== TASK MATERIAL ==
------------
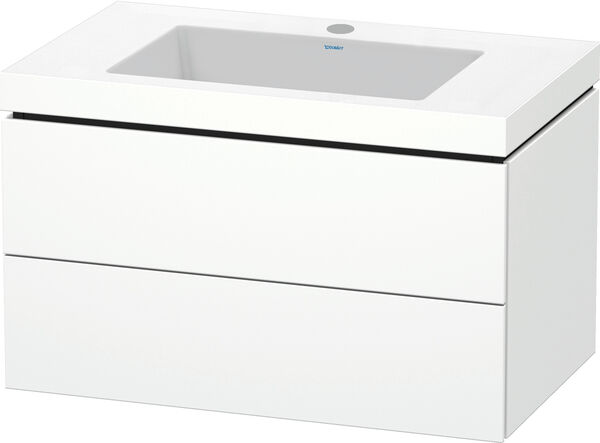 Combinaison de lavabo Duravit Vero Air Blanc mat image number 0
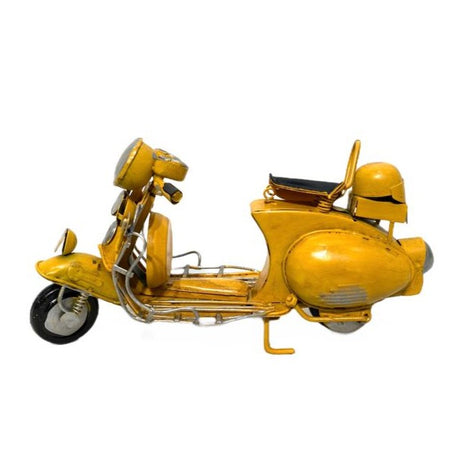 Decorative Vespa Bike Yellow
------------
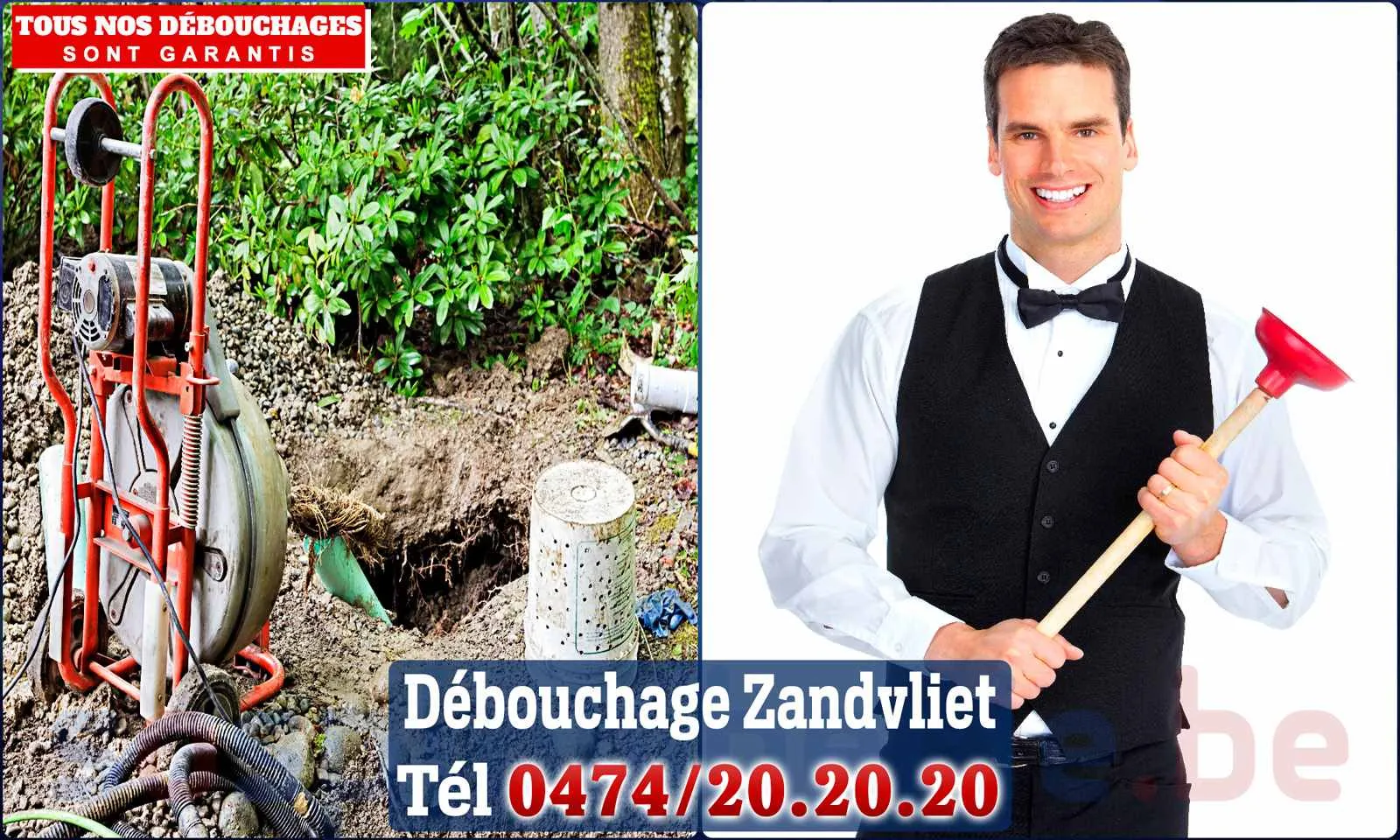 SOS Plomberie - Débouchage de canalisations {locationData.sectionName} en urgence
------------
== WHAT TO WORK ON ==
Within the entries above, the lines from the one containing "Combinaison de lavabo" through the one containing "Decorative Vespa Bike Yellow" are to be transcribed exactly, ends included, pictures excluded.

== OUTPUT FOR THIS TASK ==
 Combinaison de lavabo Duravit Vero Air Blanc mat image number 0
 Decorative Vespa Bike Yellow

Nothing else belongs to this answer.